"Soy" is "shu" in Chinese, which literally means "big bean". The origin of soybeans is the Far East, from where this plant spread to China, Japan, Vietnam, India, etc. Soy arrived in Europe in the form of a sauce 200 years later than all Far Eastern exotic delicacies - tea, cinnamon, star anise and oranges. It was only in 1873 that soybeans were first presented in Europe during an international exhibition in Austria - as one of the crops. But in Russia, soybeans were first tasted only during the Russian-Japanese war of 1904-1905, when the tsarist command faced the difficulties of providing soldiers with traditional food in the Far East region and introduced a soy diet.
Soy is an ancient plant like rice. It is curious that in the ancient treatise of Shen-Nun - the Second Chinese Emperor and the Divine Farmer - the discoverer of green tea and ginseng, the principles of preparation and consumption of several dozen products and dishes from soy, including soy flour and butter, soy milk and cottage cheese, soy cheeses and sauces, and other hot and cold dishes based on soy. These principles are also guided today.
Interestingly, soy is the only plant that people are ambivalent about: some scientific studies confirm the beneficial properties of soy - after all, it contains 2.5 times more protein than meat, and this protein is almost completely balanced in essential amino acids; however, other scientists state the fact that soy can cause irreversible changes in the structure of the brain and lead to reproductive disorders in both men and women, due to the presence of genistein in soy, which is similar in its biological effect on the human body the female sex hormone estrogen.
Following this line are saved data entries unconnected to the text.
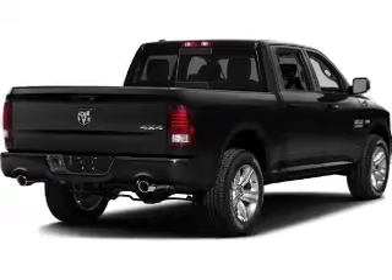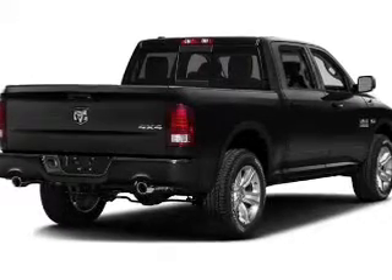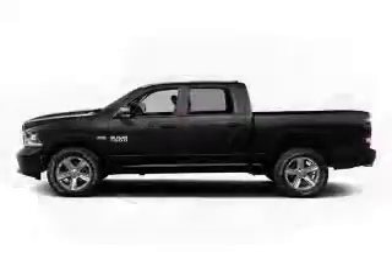Additional features include alloy rims, auto dimming mirrors, power seats, cruise control, keyless entry, a trip computer, and air conditioning.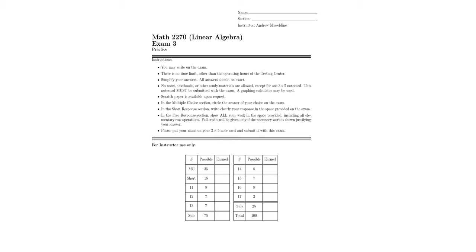Welcome everyone to our review for Exam 3 for Math 2270 Linear Algebra at Southern Utah University. If you're watching this video, it means you've probably made it to the end of the semester, so give yourself a pat on the back and say whoopee. It's been a fun semester so far — let's not trip on the finish line and make sure we finish this exam and do pretty well.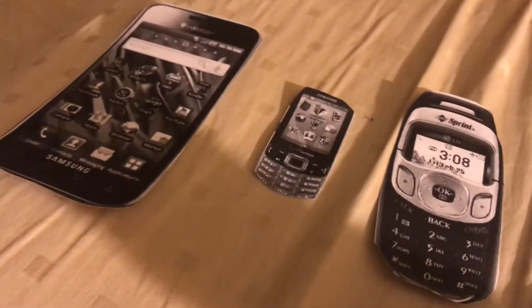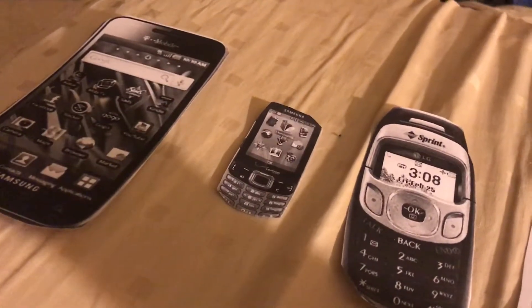Hi guys, today I'll show you my phone collection starting from the Samsung devices, LG, Nokia devices, and more. I'll have an update in part two.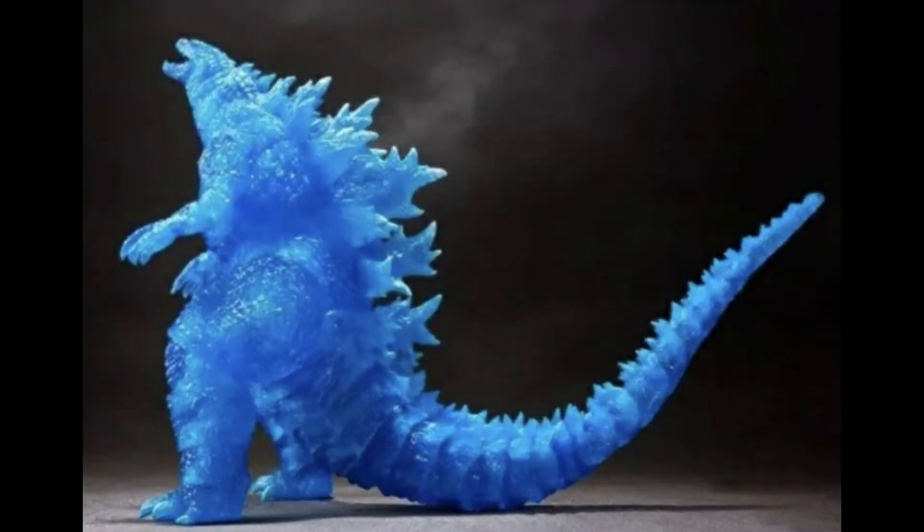Hey guys, it's Stan Brooks. Today we've been getting some new figures from SH Figuarts and SH MonsterArts. Today we're going to be talking about another Godzilla figure from SH MonsterArts. We already talked about Belante and GMK Godzilla, and looks like we're getting another one.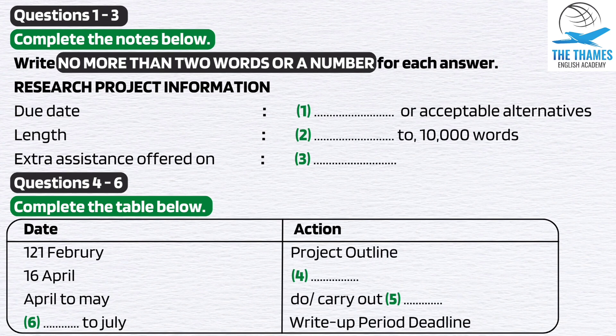Let me write it on the board — when each stage should be completed. First of all, you've got to work on your basic project outline, and that's due in to your course tutor by 21st of February, which is only two weeks away, so you need to get cracking on that.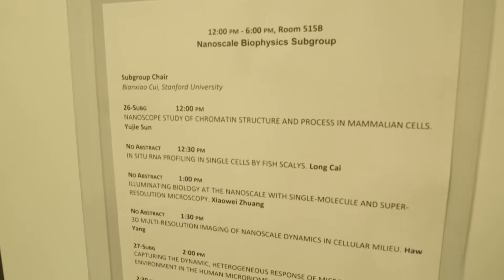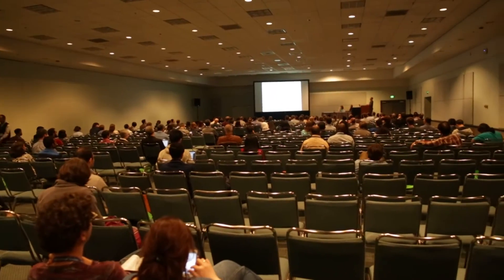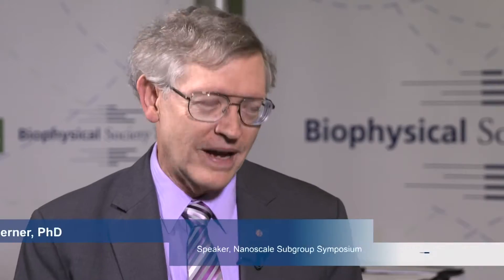You're speaking here on Subgroup Saturday, one of the 14 subgroups. Tell us about the subgroup you're participating in and what will your talk be about? I'm talking in the nanoscale biophysics subgroup and I'm talking about single molecules and super resolution microscopy.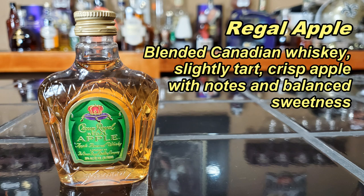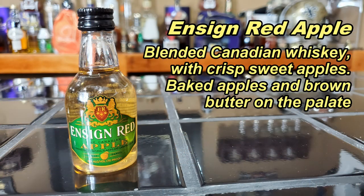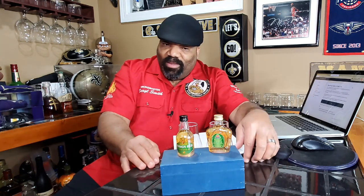Crown Royal Regal Apple is supposed to be slightly tart with crisp apple notes and a balance of sweetness. In comparison, the Ensign Red Apple is a blended Canadian whiskey with crisp sweet apple flavors and a deep caramelized expression — like baked apples or brown butter on the palate. That's an interesting flavor note. If this has some type of brown sugar or caramel flavor along with the apple, it may exceed the Crown Royal Apple as one of my favorites.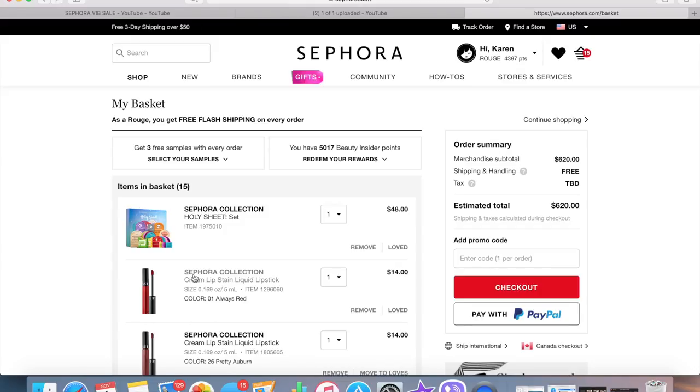Anyway guys, I hope you found this video somewhat useful. Let me know in the comments what you're planning on picking up from the VIB sale — leave me ideas because everyone can use a little inspiration when it comes to makeup shopping. I hope you guys are having a great day, thank you so much for watching. Bye guys!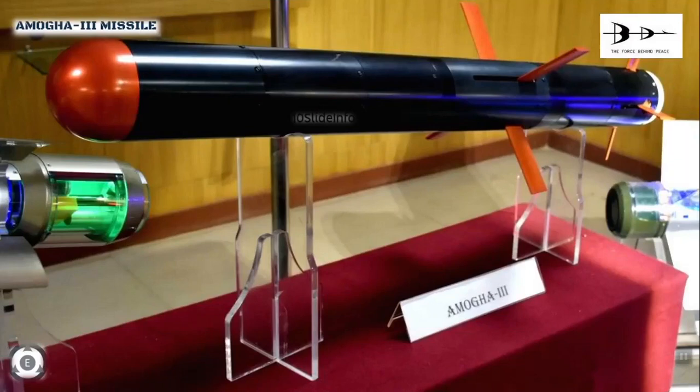The weight class of the warhead has not been disclosed as of now. The complete missile system features the AMOGHA 3 missile, a tripod, and a common launch unit with remote operation capabilities.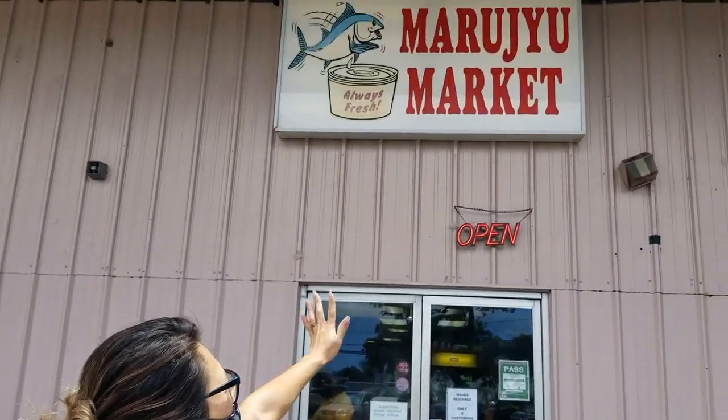Hi guys, so this is my free market. It's like a cafeteria style where you can choose a two-plate or three-plate combination. Come on inside with me, I'll show you around.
It is interesting that they could not find a Russian name for soybeans for a long time. Names such as oilseed peas, oilseed bean, Haberlandt beans, and even a charming Latin name - wisteria, were proposed, but nevertheless they decided on the English translation from Japanese, which we now use - soy. This name "soy" has stuck and is used to refer to the plant itself, as well as grain, flour, oil and sauce.
The most interesting thing about soy is that everything is used in it - there is no waste. The composition of soy is 37-40% proteins, 19-22% oils, 20-30% extractive substances (pectins, dextrins, enzymes, sucrose, organic acids).
Despite the abundance of soy products in stores, you need to remember that a soy product made by natural fermentation methods is useful and safe for health - the technology of which was developed in the Ancient East, for example, a high-quality sauce is sold exclusively in glass bottles and only natural ones should be present in it. ingredients, no dyes or flavors, and up to 8% protein, and the inscription on the label: "made on the basis of natural fermentation"
Interestingly, the well-known and always available on the market - "Salad with asparagus" does not contain asparagus at all, and the long white pieces outside are actually "foam" formed by boiling soy milk, or fuju. But the cheese called Tofu (in Japanese - to-fu, in Chinese dau-fu, in Korean - tu-bu) is just cottage cheese from soybeans, which is produced by adding condensed milk to fresh hot soy milk substance - nigari (it consists of calcium sulfate - a natural mineral).